国交省、第3回観光に関する懇談会を開催−実務的な教育を求める

  • 2008年6月4日
 国土交通省は6月3日、第3回観光に関する懇談会を開催、人材育成と観光産業について意見が交わされた。東海旅客鉄道相談役で日本商工会議所観光専門委員会委員長でもある須田寛氏は、観光を学ぶ学生の傾向として専門学校で旅行業務取扱責任者などの資格を目指す専門的かつ技術的なケースと、総合大学で社会学的観点を学びたいとする哲学的なケースに分かれるとし、両者の中間の位置、つまり専門的な知識と観光の基本的な考え方を身につけた人材の育成が必要だとした。北海道大学観光学高等研究センター長の石森秀三氏は、「大学で観光関連の学科は増加傾向にある一方で、企業側は大学に期待していない。大学だけに任せるのではなく企業が連携して求めるものを強く訴えていかなければならない」とした。

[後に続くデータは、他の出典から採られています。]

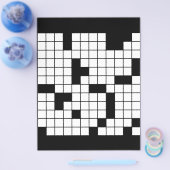 KROSSWORT PUZZLE PATTERN GRAPHICS SPIELE SPASS WOR FLYER (Einzeln)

 また、文化庁長官の青木保氏は、観光立国のためには地域の活性化が不可欠であり、例えば「観光士」といった国家資格を設け、事業所に保有者を置くようにするなど、資格を仕事に繋げることが重要だとした。観光におけるホスピタリティについてとりあげた委員も多く、道徳教育と同じように子供の頃から地域についての誇りや海外からの来訪者を喜ばせたいと感じられるような教育を国をあげて実施し、国民が観光は重要な産業であると実感できる環境を目指したいと意見がまとまった。

 なお、現在、消費者庁の設置に関連して、移管が検討されている旅行業法について、商船三井相談役で座長を務めた生田正治氏は、観光行政として責任を持って運用していかなければならないとの見解を示した。